───── Records supplied ─────
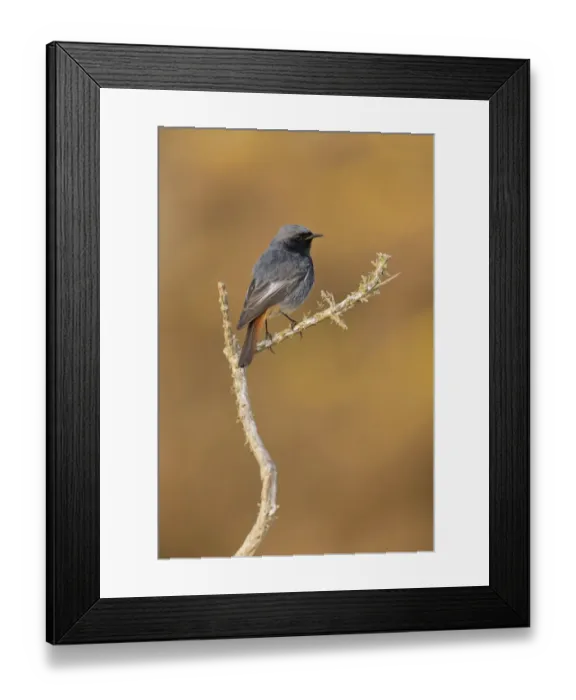 Framed Print : Black Redstart (Phoenicurus ochruros) adult male, singing, perched on gorse twig, Suffolk, England, May Framed Print : Black Redstart (Phoenicurus ochruros) adult male, singing, perched on gorse twig, Suffolk, England, May
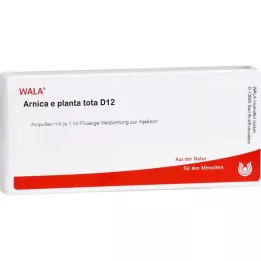 ARNICA E Planta tota D 12 ampula, 10X1 ml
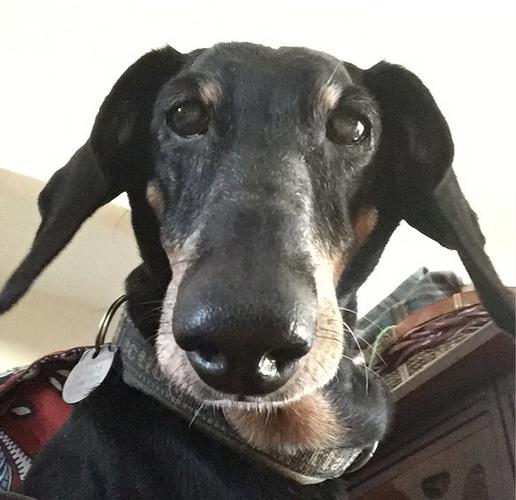 Dog 🐕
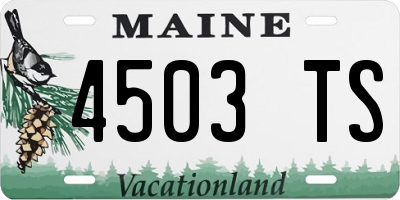 ME license plate 4503TS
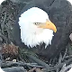 Big Bear Bald Eagle CAM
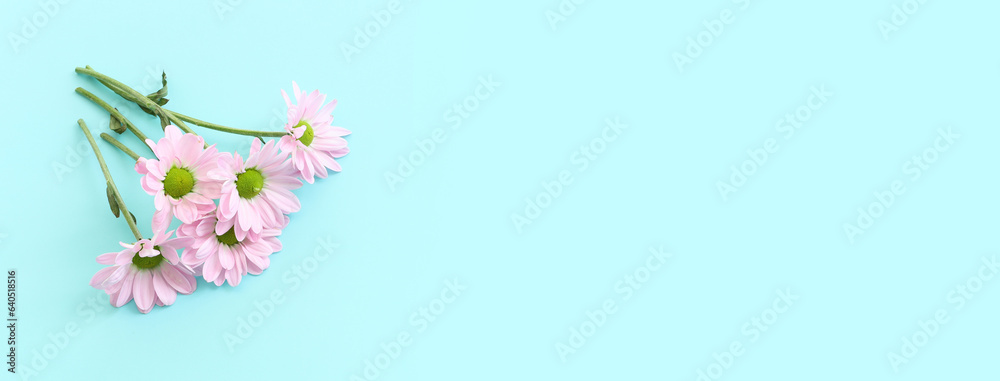 Wall mural top view image of pink flowers composition over pastel blue background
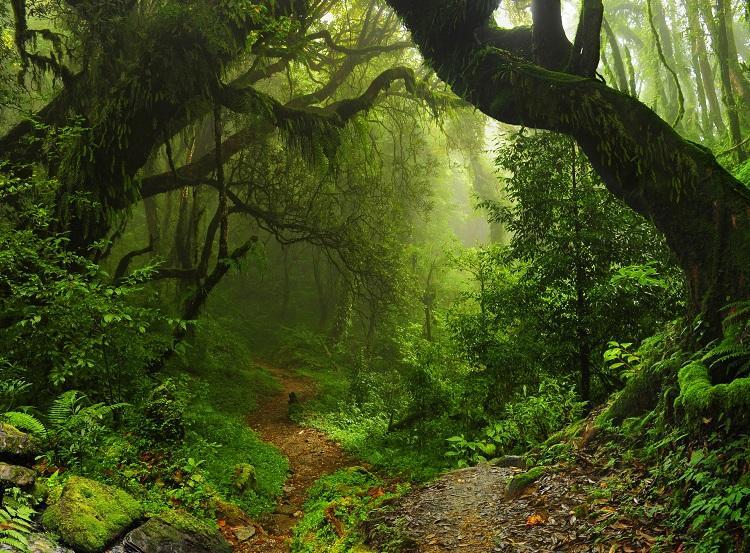 Exame: COP Da Biodiversidade Termina Hoje Com Promessa De Fundo ...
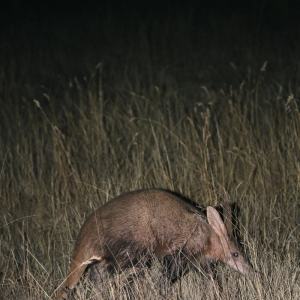 Dust-and-Dreams-Photography_Nambiti-Plains-Game-Lodge-Safari-6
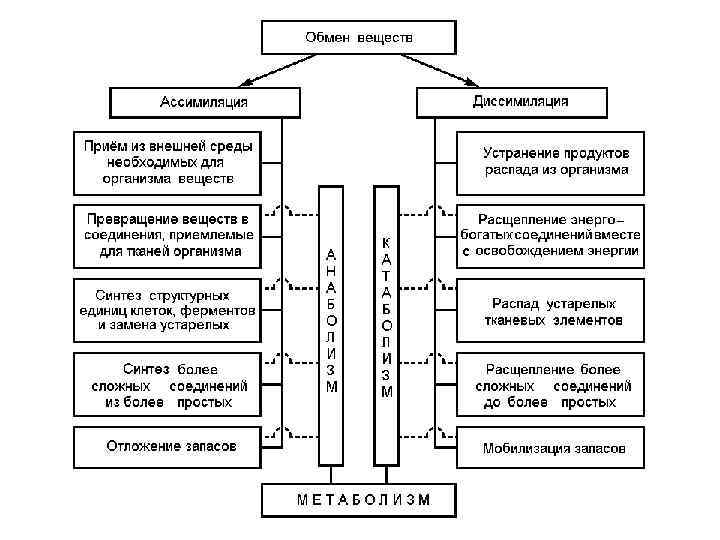 Ассимиляция кратко и понятно. Обмен веществ ассимиляция и диссимиляция таблица. Процессы обмена веществ ассимиляция и диссимиляция. Начальные продукты процесса ассимиляции и диссимиляции. Энергетический обмен ассимиляция и диссимиляция.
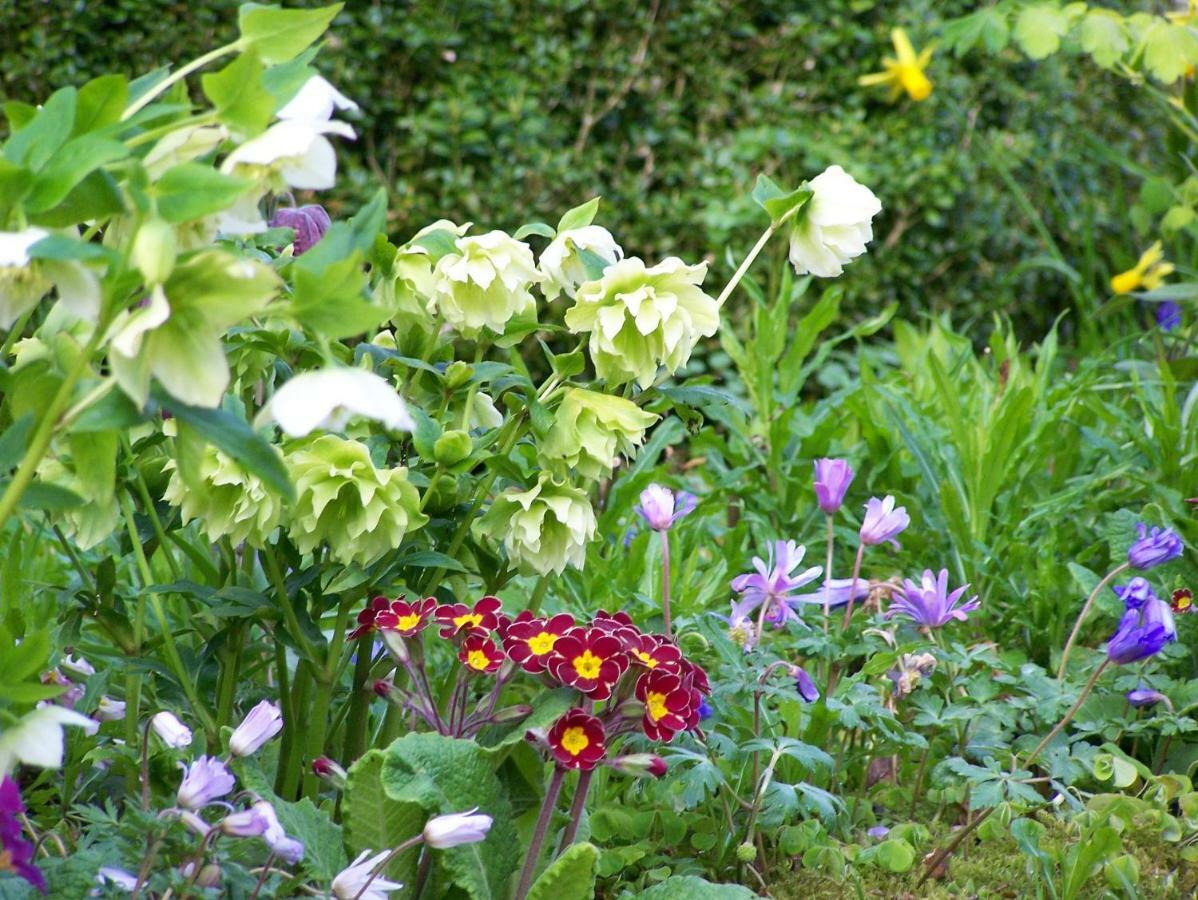Chateau De La Chassagne Bed & Breakfast Saint-Hilaire-le-Chateau ภายนอก รูปภาพ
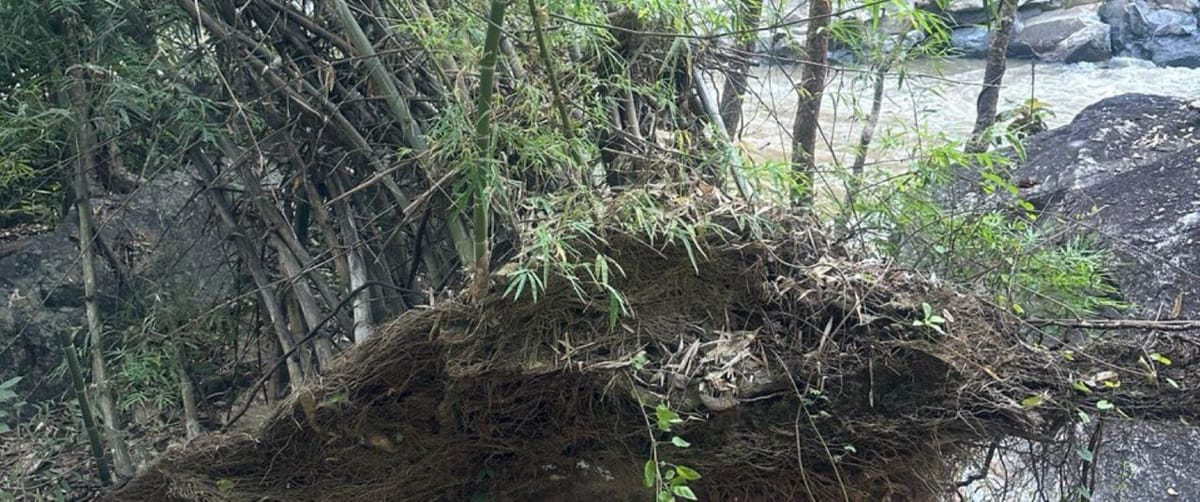 LLM高质量输出激活词汇表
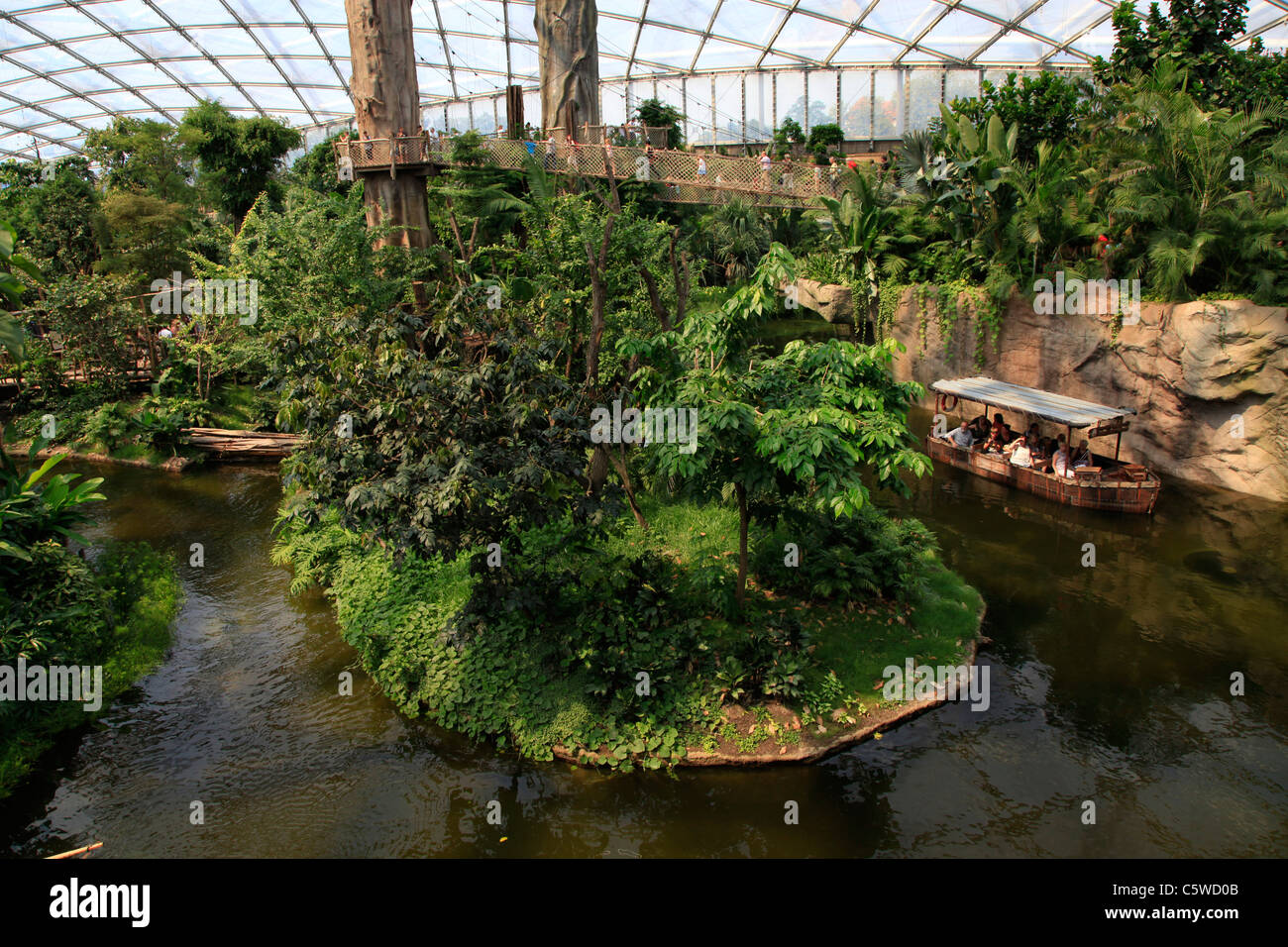 Interno del Gondwanaland enorme foresta pluviale tropicale's hall a Lipsia il giardino zoologico o Zoo di Lipsia Germania orientale Foto Stock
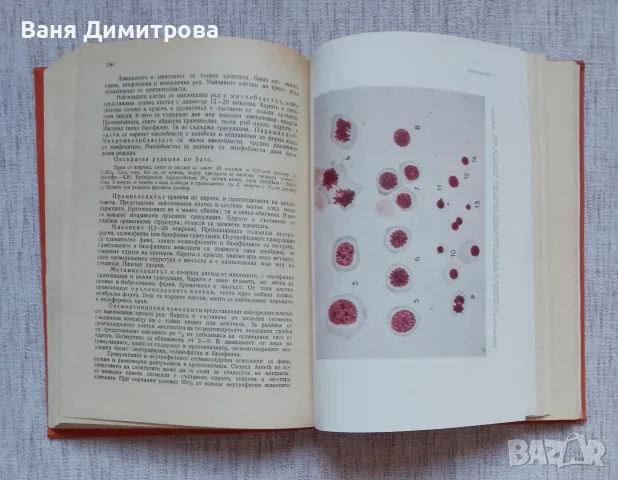 Пропедевтика на вътрешните болести, снимка 4 - Специализирана литература - 56646113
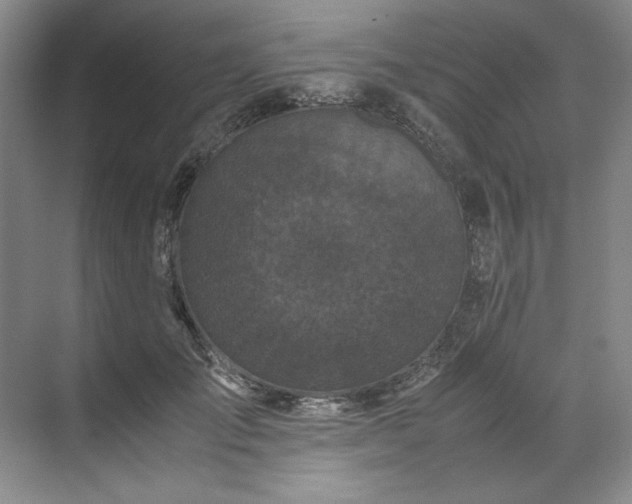 X0000071790701200607071456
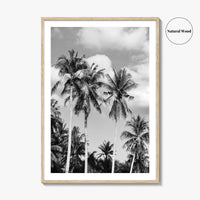 Palm Springs Black and White Fine Art Photo Print, Coachella Valley California Poster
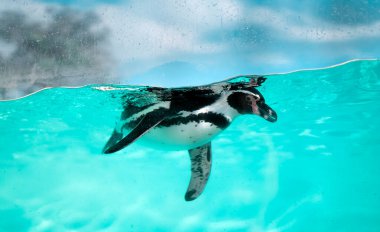 Penguen denizde suyun altında yüzer..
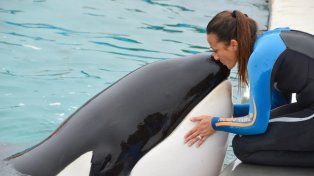 Adiós a Kshamenk, la orca que marcó una historia en Mundo Marino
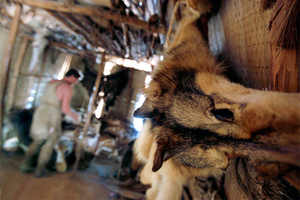 «Окровавленная морда серого животного» История хаски, казненной за убийство куриц на подмосковной даче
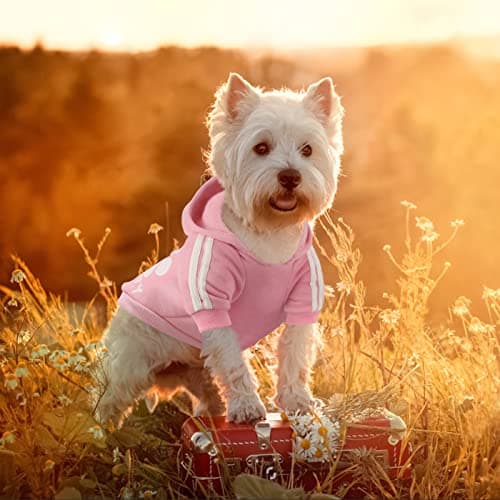 Dolahovy Chien À Capuche Vêtements pour animaux de compagnie Pulls pour chiens d'automne et d'hiver Déguisements de chiot Chien chandail Gilet pour petits chiens moyens chats Chihuahua Teddy (M, Rose)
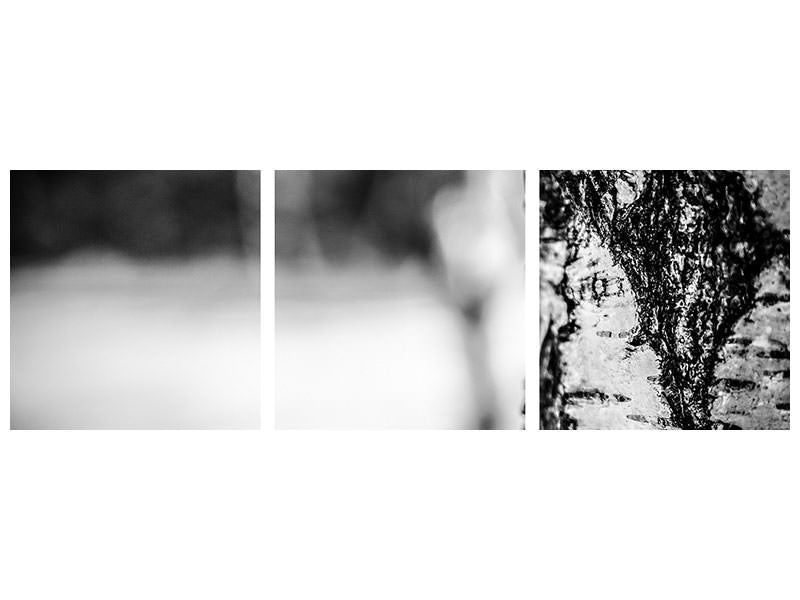 panoramic-3-piece-canvas-print-birch-trunk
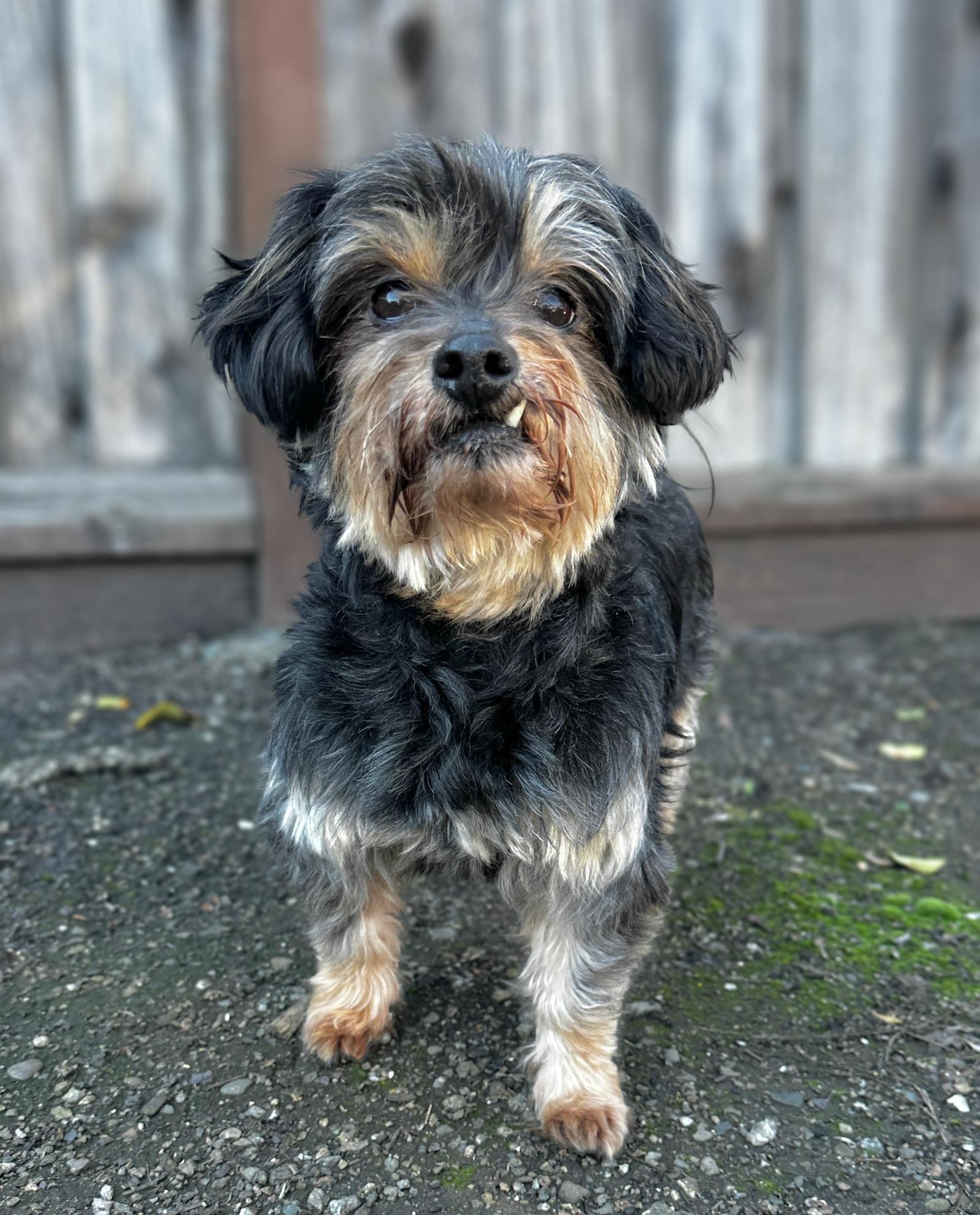 Enlarge Shakespeare, a Adopted mixed breed in Palo Alto, CA image 3/3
─────
Although the records above contain pictures, the copy must not; set down exactly the lines from the one with "Exame: COP Da" up to and including the one with "Palm Springs Black".

**Exercise solution**
 Exame: COP Da Biodiversidade Termina Hoje Com Promessa De Fundo ...
 Dust-and-Dreams-Photography_Nambiti-Plains-Game-Lodge-Safari-6
 Ассимиляция кратко и понятно. Обмен веществ ассимиляция и диссимиляция таблица. Процессы обмена веществ ассимиляция и диссимиляция. Начальные продукты процесса ассимиляции и диссимиляции. Энергетический обмен ассимиляция и диссимиляция.
Chateau De La Chassagne Bed & Breakfast Saint-Hilaire-le-Chateau ภายนอก รูปภาพ
 LLM高质量输出激活词汇表
 Interno del Gondwanaland enorme foresta pluviale tropicale's hall a Lipsia il giardino zoologico o Zoo di Lipsia Germania orientale Foto Stock
 Пропедевтика на вътрешните болести, снимка 4 - Специализирана литература - 56646113
 X0000071790701200607071456
 Palm Springs Black and White Fine Art Photo Print, Coachella Valley California Poster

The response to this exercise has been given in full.